Kota Bima, Kahaba.- Sebagian warga di Kelurahan Ntobo, Kecamatan Raba, Kota Bima, Nusa Tenggara Barat (NTB), melaksanakan shalat Idul Fitri 1446 Hijriah lebih awal pada Sabtu, 29 Maret 2025. Perayaan Lebaran ini dilakukan sebelum pemerintah menetapkan Idul Fitri yang diperkirakan jatuh pada Senin, 31 Maret 2025.

Shalat Id digelar di Lapangan Pondok Pesantren (Ponpes) Darul Ulumi Wal Amal, Kelurahan Ntobo, Kecamatan Raba. Shalat Id dimulai sekitar pukul 07.30 WITA, dipimpin oleh Imam M Sidik.
Usai pelaksanaan shalat dua rakaat, jamaah mendengarkan khutbah yang disampaikan oleh Tayeb. Dalam ceramahnya, ia menekankan pentingnya merayakan Hari Raya dengan kesederhanaan serta menjaga nilai-nilai keimanan dan ketakwaan setelah sebulan penuh menjalankan ibadah puasa.
“Kita telah berhasil melawan hawa nafsu selama sebulan penuh. Kini saatnya kita merayakan kemenangan ini dengan penuh kegembiraan dan kesederhanaan,” ujar Tayeb.

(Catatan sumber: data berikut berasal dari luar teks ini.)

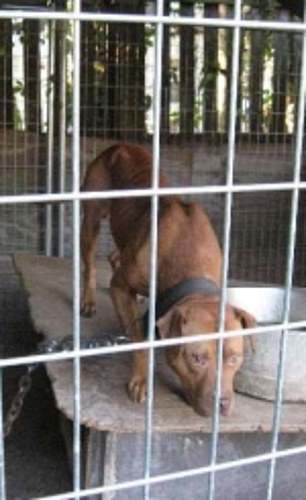 They found dog fighting equipment in his house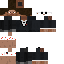 skin for CoNerd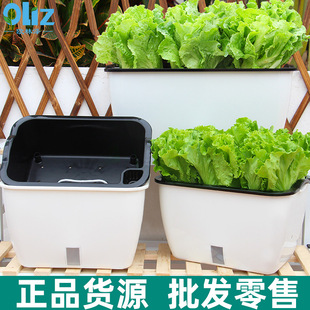 �ش��ͥ�̨�N�����L���ηNֲ����ͥԺ���ϻ����������L�l����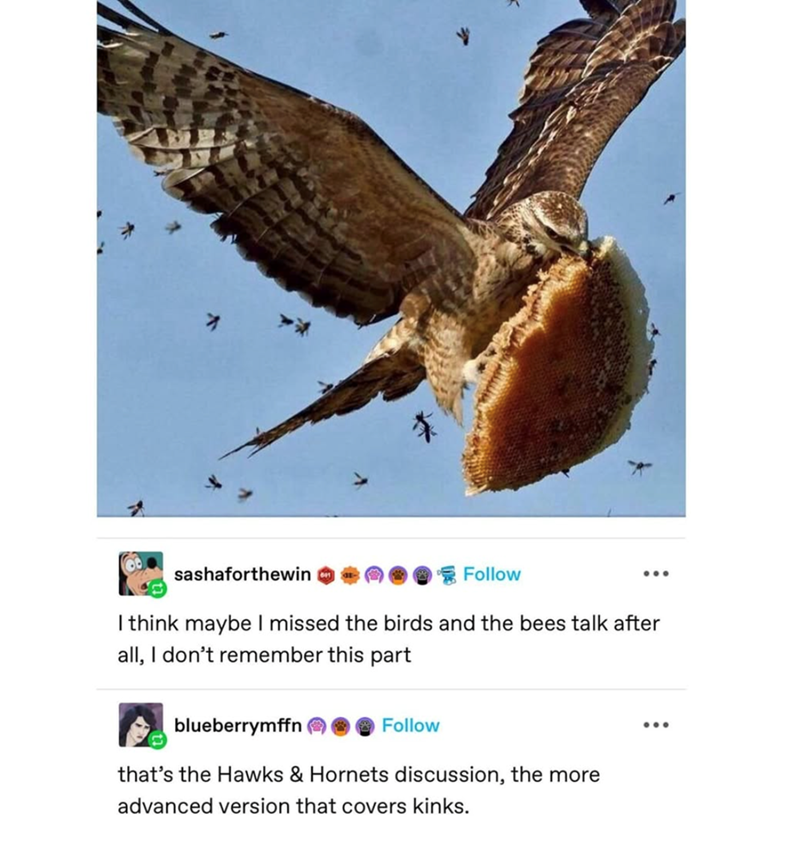 sashaforthewin Follow I think maybe I missed the birds and the bees talk after all, I don't remember this part blueberrymffn Follow that's the Hawks & Hornets discussion, the more advanced version that covers kinks.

Ia juga mengajak jamaah untuk tetap menjaga ibadah wajib, meningkatkan ketakwaan, serta memperbanyak sedekah bagi mereka yang membutuhkan.
Setelah seluruh rangkaian shalat Id selesai sekitar pukul 09.30 Wita, jamaah kemudian berjabat tangan dan melanjutkan ramah tamah di kediaman Pengasuh Ponpes Darul Ulumi Wal Amal, Afandi Bin Ibrahim Al Maqbul atau yang akrab disapa Tuan Guru Aji Fandi.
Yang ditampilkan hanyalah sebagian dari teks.